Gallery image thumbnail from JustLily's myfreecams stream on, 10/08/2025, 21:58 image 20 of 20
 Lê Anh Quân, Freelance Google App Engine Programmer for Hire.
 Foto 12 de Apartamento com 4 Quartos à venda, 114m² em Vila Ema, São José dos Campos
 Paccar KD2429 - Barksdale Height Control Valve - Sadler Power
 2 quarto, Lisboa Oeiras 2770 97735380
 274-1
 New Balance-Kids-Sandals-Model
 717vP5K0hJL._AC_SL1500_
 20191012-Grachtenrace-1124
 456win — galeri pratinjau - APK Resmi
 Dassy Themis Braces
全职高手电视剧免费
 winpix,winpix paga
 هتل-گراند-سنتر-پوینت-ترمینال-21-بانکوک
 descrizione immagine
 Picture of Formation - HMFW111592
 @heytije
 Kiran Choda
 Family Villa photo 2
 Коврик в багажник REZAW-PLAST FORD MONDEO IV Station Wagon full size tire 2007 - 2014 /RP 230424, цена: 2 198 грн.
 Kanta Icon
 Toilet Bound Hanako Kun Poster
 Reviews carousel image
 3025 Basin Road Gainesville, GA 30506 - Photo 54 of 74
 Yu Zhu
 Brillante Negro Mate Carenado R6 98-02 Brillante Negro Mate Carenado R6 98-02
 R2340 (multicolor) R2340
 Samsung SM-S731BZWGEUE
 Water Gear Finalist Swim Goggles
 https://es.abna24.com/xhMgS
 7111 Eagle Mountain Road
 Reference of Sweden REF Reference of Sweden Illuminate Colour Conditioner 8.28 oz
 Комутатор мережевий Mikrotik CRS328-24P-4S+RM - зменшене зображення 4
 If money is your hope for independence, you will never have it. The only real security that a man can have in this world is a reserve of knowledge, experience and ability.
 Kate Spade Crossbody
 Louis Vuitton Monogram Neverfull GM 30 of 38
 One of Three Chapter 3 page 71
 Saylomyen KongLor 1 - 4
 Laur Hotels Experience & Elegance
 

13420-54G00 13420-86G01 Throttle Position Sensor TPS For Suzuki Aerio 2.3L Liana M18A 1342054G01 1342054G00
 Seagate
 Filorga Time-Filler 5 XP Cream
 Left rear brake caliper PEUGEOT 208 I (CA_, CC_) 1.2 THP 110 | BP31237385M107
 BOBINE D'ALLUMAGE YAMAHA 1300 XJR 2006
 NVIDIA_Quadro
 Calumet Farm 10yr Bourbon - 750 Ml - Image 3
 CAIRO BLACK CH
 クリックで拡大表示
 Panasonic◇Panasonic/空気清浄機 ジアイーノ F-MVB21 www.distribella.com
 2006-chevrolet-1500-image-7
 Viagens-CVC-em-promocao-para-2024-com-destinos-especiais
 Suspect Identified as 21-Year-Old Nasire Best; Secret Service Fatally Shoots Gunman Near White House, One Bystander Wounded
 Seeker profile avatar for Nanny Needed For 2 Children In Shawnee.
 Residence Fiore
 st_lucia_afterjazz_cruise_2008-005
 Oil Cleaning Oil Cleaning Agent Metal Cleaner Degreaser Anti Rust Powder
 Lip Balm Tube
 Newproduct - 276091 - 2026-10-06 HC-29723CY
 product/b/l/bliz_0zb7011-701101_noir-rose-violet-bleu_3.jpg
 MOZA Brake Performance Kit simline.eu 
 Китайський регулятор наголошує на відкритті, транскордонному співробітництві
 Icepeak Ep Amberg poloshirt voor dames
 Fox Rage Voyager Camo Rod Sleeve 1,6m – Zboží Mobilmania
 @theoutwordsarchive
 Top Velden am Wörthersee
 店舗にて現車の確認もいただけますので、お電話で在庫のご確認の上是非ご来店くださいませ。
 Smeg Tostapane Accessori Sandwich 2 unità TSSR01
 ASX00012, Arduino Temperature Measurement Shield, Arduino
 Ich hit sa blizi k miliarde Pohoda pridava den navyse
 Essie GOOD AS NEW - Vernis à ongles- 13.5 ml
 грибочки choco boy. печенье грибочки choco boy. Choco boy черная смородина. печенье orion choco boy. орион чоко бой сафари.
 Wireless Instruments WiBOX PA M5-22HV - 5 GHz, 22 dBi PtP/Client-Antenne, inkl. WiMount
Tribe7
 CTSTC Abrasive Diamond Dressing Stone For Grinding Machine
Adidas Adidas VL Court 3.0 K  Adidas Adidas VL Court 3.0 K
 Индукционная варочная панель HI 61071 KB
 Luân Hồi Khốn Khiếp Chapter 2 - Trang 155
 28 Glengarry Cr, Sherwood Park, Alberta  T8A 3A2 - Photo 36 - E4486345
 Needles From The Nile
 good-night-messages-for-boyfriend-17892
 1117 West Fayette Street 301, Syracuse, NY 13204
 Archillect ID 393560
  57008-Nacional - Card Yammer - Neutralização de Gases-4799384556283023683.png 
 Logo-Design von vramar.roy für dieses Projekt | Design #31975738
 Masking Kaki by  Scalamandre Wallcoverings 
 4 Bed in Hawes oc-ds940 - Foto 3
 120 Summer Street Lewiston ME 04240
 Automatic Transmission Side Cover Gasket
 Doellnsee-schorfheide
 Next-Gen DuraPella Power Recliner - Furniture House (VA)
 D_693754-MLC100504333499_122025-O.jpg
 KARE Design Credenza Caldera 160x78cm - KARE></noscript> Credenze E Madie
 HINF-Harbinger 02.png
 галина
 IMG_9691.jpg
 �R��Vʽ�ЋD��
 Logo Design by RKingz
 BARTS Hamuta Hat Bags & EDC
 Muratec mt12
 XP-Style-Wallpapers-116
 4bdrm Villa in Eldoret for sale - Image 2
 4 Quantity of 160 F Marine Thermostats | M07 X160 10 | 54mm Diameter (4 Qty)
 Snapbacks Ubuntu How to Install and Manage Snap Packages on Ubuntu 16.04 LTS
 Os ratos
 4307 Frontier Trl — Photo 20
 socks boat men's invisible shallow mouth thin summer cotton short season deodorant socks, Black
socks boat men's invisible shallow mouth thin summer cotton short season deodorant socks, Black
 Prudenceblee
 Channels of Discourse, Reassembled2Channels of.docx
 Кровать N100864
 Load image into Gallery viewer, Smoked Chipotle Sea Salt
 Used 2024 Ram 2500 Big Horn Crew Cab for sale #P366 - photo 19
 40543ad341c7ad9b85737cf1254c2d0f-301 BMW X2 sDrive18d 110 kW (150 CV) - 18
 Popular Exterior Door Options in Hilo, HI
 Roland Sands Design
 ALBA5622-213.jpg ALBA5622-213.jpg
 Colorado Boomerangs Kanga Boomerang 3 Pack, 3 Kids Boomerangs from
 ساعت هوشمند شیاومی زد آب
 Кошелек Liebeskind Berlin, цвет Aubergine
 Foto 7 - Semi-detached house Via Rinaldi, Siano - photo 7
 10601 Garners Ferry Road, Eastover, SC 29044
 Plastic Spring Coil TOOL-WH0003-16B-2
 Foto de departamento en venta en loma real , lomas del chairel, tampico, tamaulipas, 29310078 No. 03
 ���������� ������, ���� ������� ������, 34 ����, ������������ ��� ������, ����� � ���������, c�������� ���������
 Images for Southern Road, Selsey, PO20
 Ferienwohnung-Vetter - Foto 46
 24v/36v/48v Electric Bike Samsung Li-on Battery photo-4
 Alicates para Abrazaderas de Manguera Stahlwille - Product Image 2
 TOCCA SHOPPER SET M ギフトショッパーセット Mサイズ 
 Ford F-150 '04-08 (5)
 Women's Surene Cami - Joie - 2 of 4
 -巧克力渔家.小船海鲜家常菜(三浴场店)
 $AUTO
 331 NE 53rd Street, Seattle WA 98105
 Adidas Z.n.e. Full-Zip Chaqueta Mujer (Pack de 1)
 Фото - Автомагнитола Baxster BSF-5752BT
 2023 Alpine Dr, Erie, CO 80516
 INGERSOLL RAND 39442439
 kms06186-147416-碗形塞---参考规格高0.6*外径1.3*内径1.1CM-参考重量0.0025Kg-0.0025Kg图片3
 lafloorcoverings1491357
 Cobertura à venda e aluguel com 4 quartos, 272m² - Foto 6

+++

→ **WHAT TO DO**
In the listing above, find the line holding "Essie GOOD AS NEW - Vernis à ongles- 13.5 ml" and the line holding "Prudenceblee", then output those two lines and every line between them exactly.

→ **RESPONSE BELOW**
 Essie GOOD AS NEW - Vernis à ongles- 13.5 ml
 грибочки choco boy. печенье грибочки choco boy. Choco boy черная смородина. печенье orion choco boy. орион чоко бой сафари.
 Wireless Instruments WiBOX PA M5-22HV - 5 GHz, 22 dBi PtP/Client-Antenne, inkl. WiMount
Tribe7
 CTSTC Abrasive Diamond Dressing Stone For Grinding Machine
Adidas Adidas VL Court 3.0 K  Adidas Adidas VL Court 3.0 K
 Индукционная варочная панель HI 61071 KB
 Luân Hồi Khốn Khiếp Chapter 2 - Trang 155
 28 Glengarry Cr, Sherwood Park, Alberta  T8A 3A2 - Photo 36 - E4486345
 Needles From The Nile
 good-night-messages-for-boyfriend-17892
 1117 West Fayette Street 301, Syracuse, NY 13204
 Archillect ID 393560
  57008-Nacional - Card Yammer - Neutralização de Gases-4799384556283023683.png 
 Logo-Design von vramar.roy für dieses Projekt | Design #31975738
 Masking Kaki by  Scalamandre Wallcoverings 
 4 Bed in Hawes oc-ds940 - Foto 3
 120 Summer Street Lewiston ME 04240
 Automatic Transmission Side Cover Gasket
 Doellnsee-schorfheide
 Next-Gen DuraPella Power Recliner - Furniture House (VA)
 D_693754-MLC100504333499_122025-O.jpg
 KARE Design Credenza Caldera 160x78cm - KARE></noscript> Credenze E Madie
 HINF-Harbinger 02.png
 галина
 IMG_9691.jpg
 �R��Vʽ�ЋD��
 Logo Design by RKingz
 BARTS Hamuta Hat Bags & EDC
 Muratec mt12
 XP-Style-Wallpapers-116
 4bdrm Villa in Eldoret for sale - Image 2
 4 Quantity of 160 F Marine Thermostats | M07 X160 10 | 54mm Diameter (4 Qty)
 Snapbacks Ubuntu How to Install and Manage Snap Packages on Ubuntu 16.04 LTS
 Os ratos
 4307 Frontier Trl — Photo 20
 socks boat men's invisible shallow mouth thin summer cotton short season deodorant socks, Black
socks boat men's invisible shallow mouth thin summer cotton short season deodorant socks, Black
 Prudenceblee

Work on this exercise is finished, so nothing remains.